[Task] Exactly the lines starting at the line containing "Bracelet with gray agate gemstone beads" and ending at the line containing "Nike Zoom Vomero" are to be written out from the listing below, both included.

===== Records supplied =====

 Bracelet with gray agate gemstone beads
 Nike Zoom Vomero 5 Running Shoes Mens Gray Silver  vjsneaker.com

=====
===== Records supplied =====

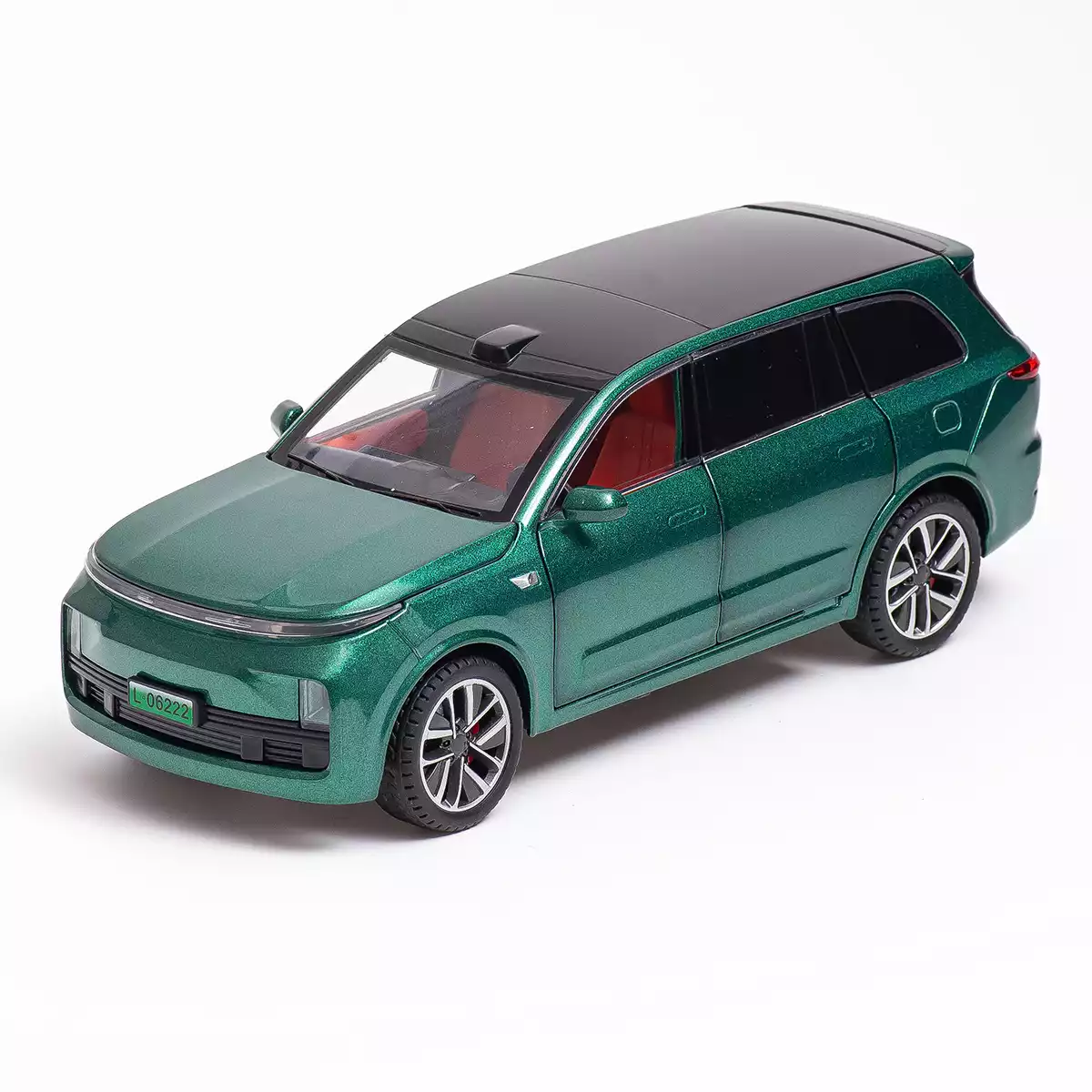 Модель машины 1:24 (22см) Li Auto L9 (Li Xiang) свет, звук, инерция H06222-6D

=====
===== Records supplied =====

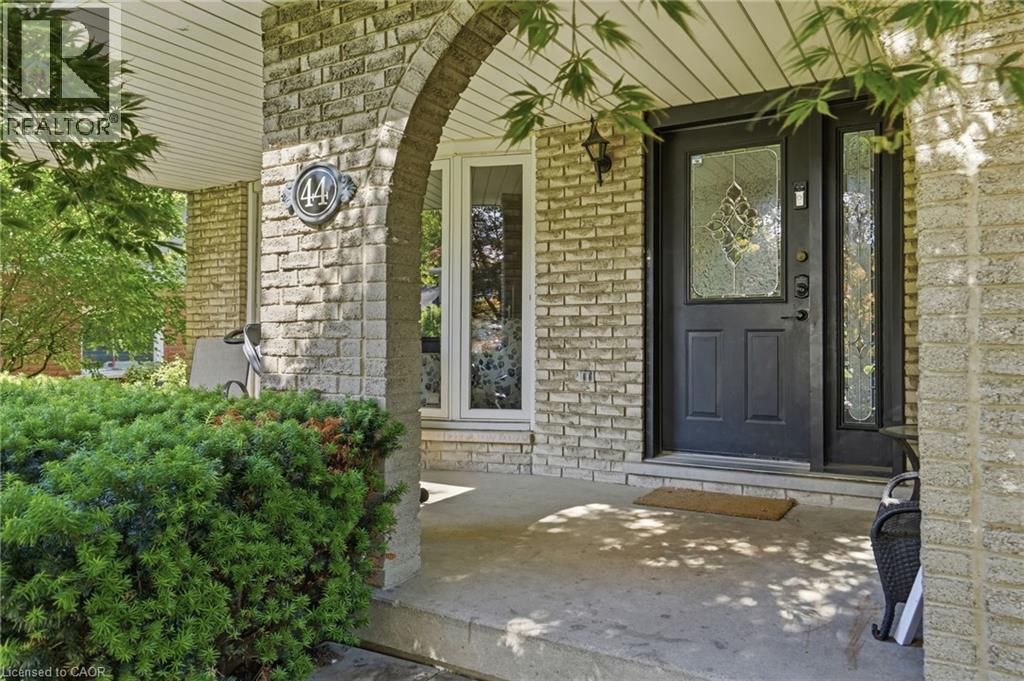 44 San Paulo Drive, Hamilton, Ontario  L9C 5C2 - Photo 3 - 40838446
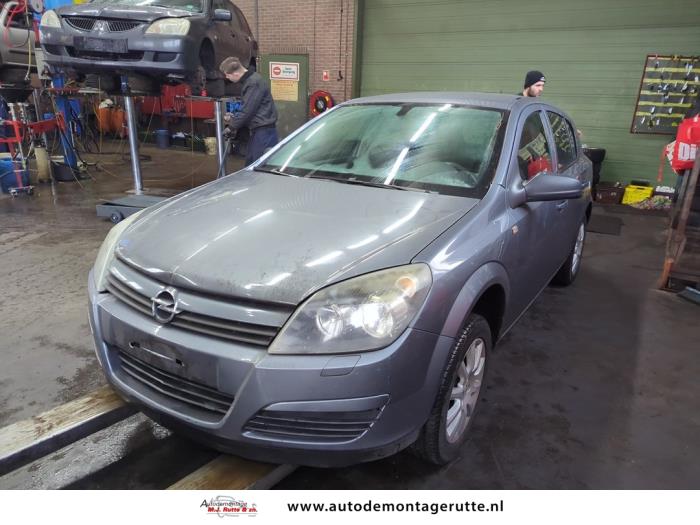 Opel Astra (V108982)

=====

[Answer to this task]
 Bracelet with gray agate gemstone beads
 Nike Zoom Vomero 5 Running Shoes Mens Gray Silver  vjsneaker.com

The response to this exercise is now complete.